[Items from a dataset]
#####
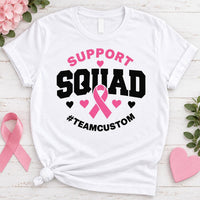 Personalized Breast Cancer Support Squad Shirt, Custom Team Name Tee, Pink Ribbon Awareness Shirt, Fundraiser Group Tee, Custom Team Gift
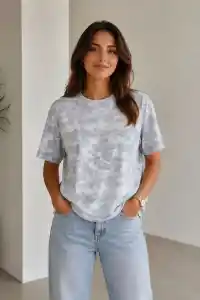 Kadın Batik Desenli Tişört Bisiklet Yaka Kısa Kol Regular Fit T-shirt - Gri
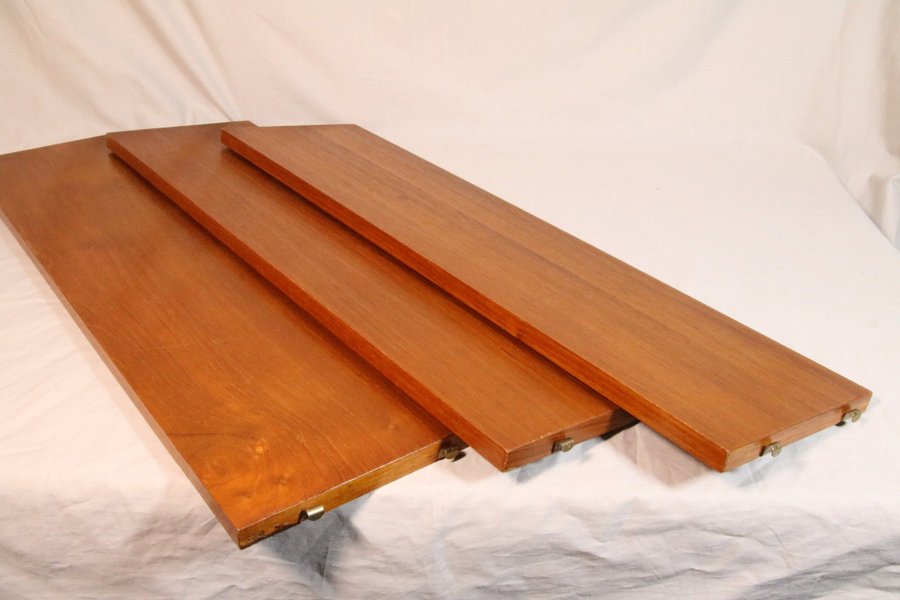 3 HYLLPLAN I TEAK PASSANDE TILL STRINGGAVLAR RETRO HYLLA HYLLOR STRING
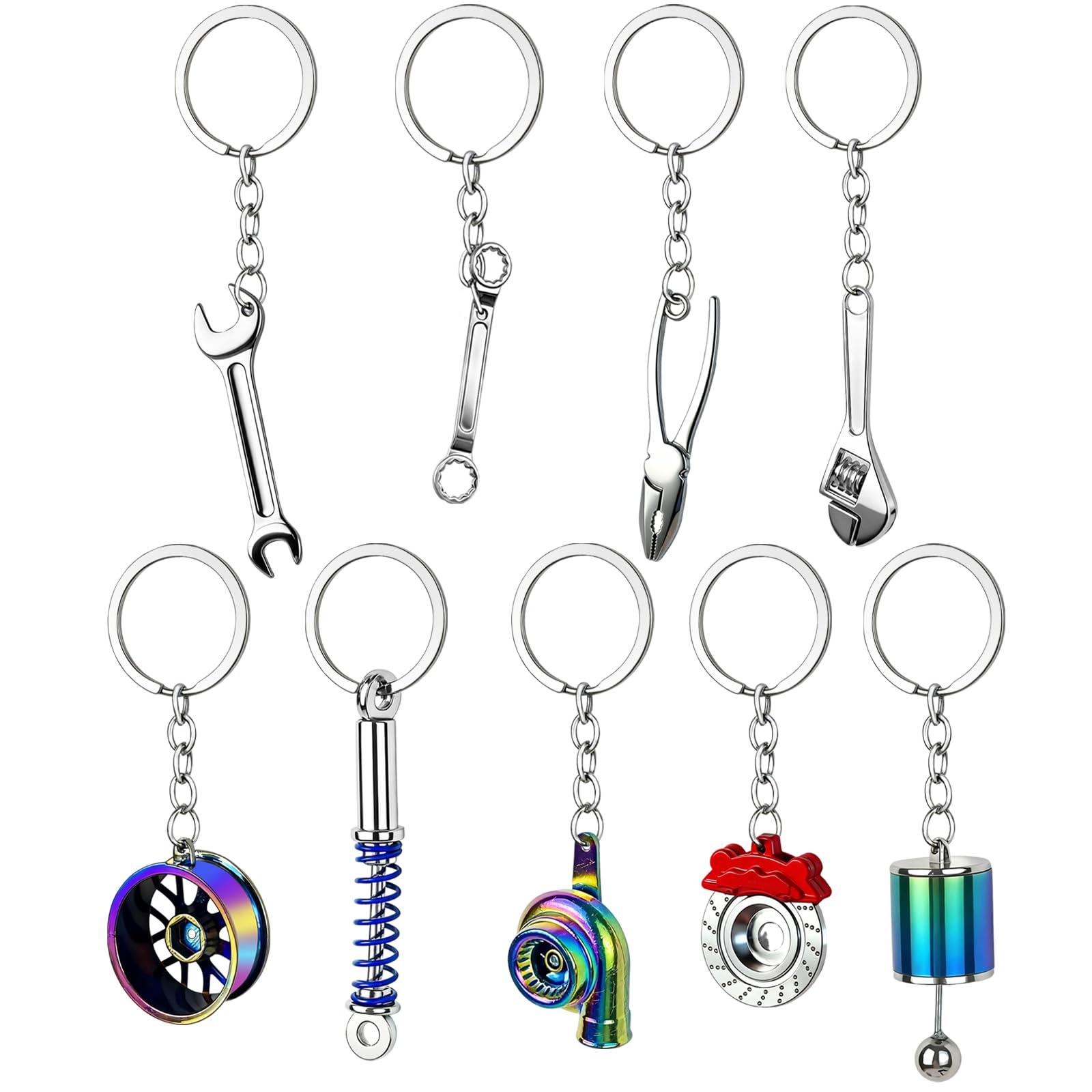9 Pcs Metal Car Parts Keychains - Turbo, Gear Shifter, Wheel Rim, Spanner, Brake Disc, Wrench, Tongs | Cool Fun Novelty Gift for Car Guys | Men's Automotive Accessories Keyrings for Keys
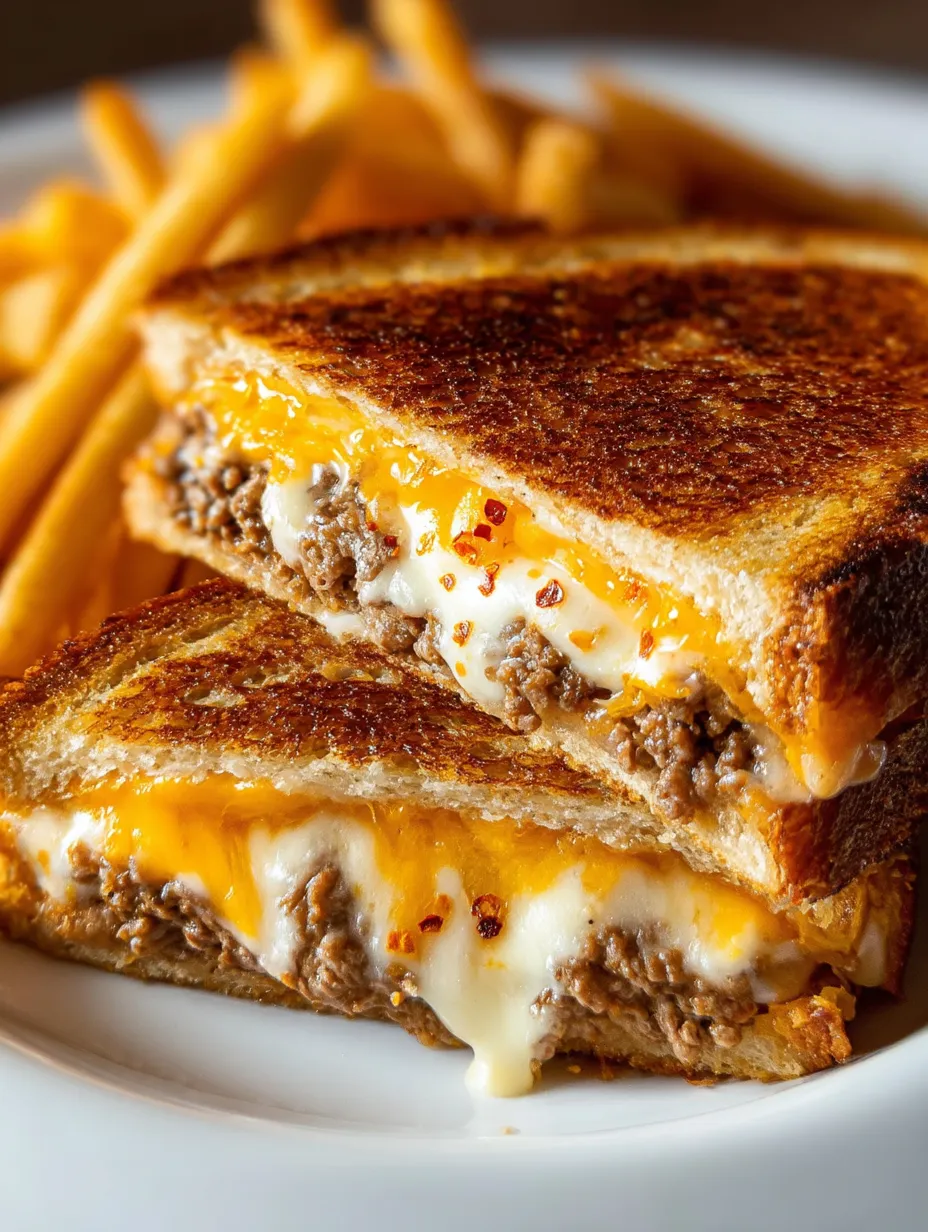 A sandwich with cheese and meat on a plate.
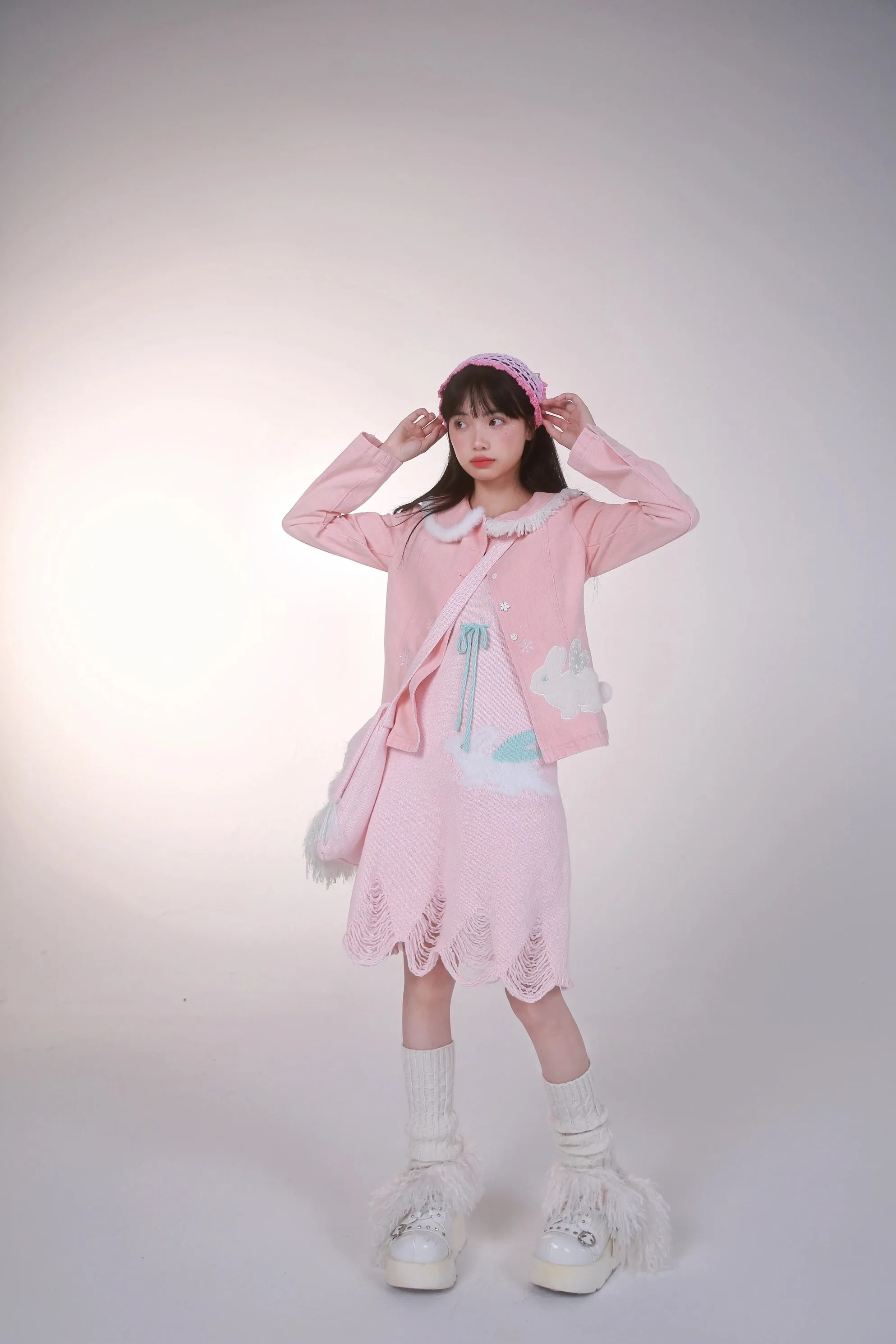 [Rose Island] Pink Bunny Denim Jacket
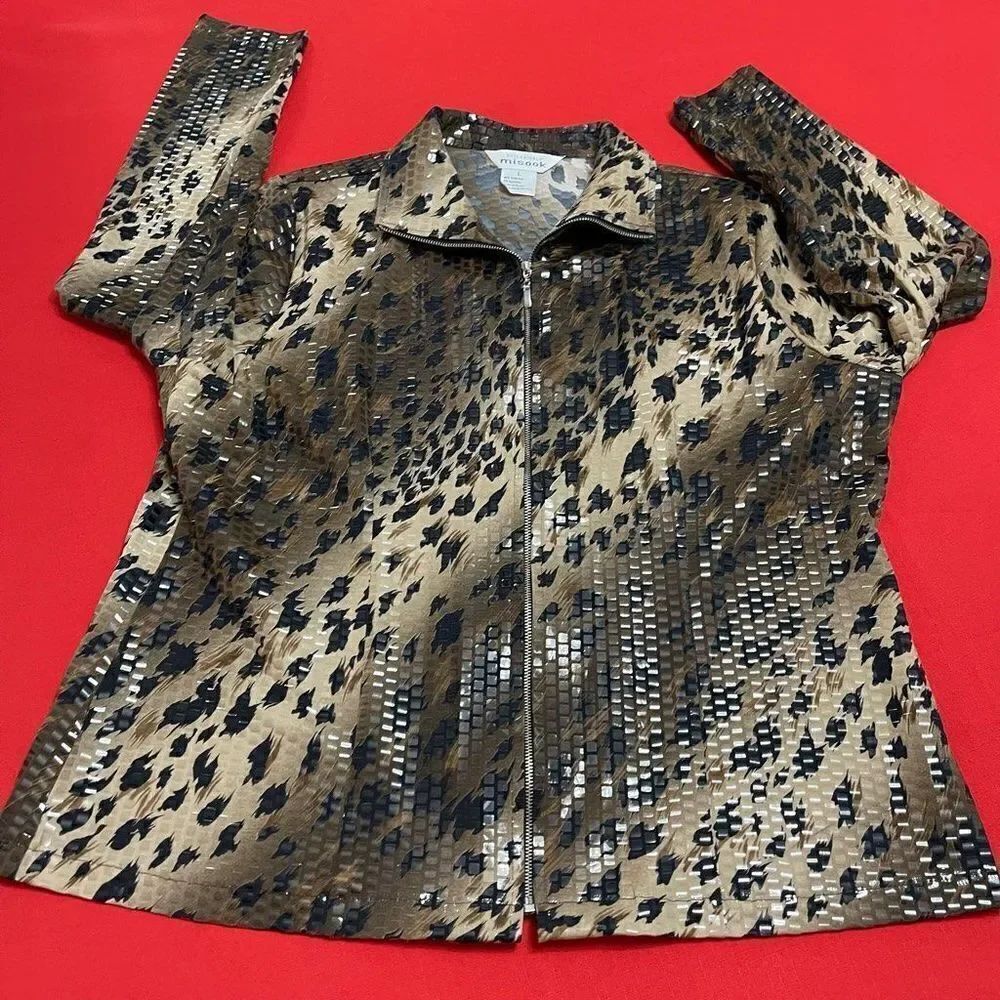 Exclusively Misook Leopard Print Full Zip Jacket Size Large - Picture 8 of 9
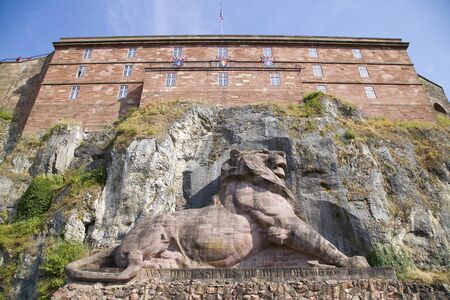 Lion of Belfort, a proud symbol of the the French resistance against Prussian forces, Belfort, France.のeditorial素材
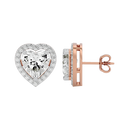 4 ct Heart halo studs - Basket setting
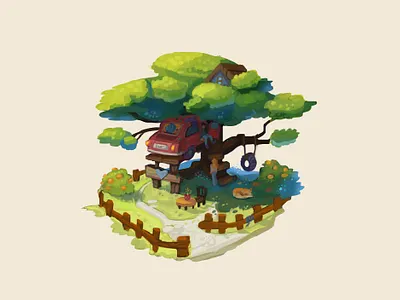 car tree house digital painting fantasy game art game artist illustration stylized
#####
Exercise brief: What you return should match the records line for line, minus the pictures.

Solution:
 Personalized Breast Cancer Support Squad Shirt, Custom Team Name Tee, Pink Ribbon Awareness Shirt, Fundraiser Group Tee, Custom Team Gift
 Kadın Batik Desenli Tişört Bisiklet Yaka Kısa Kol Regular Fit T-shirt - Gri
 3 HYLLPLAN I TEAK PASSANDE TILL STRINGGAVLAR RETRO HYLLA HYLLOR STRING
9 Pcs Metal Car Parts Keychains - Turbo, Gear Shifter, Wheel Rim, Spanner, Brake Disc, Wrench, Tongs | Cool Fun Novelty Gift for Car Guys | Men's Automotive Accessories Keyrings for Keys
 A sandwich with cheese and meat on a plate.
 [Rose Island] Pink Bunny Denim Jacket
 Exclusively Misook Leopard Print Full Zip Jacket Size Large - Picture 8 of 9
 Lion of Belfort, a proud symbol of the the French resistance against Prussian forces, Belfort, France.のeditorial素材
 4 ct Heart halo studs - Basket setting
 car tree house digital painting fantasy game art game artist illustration stylized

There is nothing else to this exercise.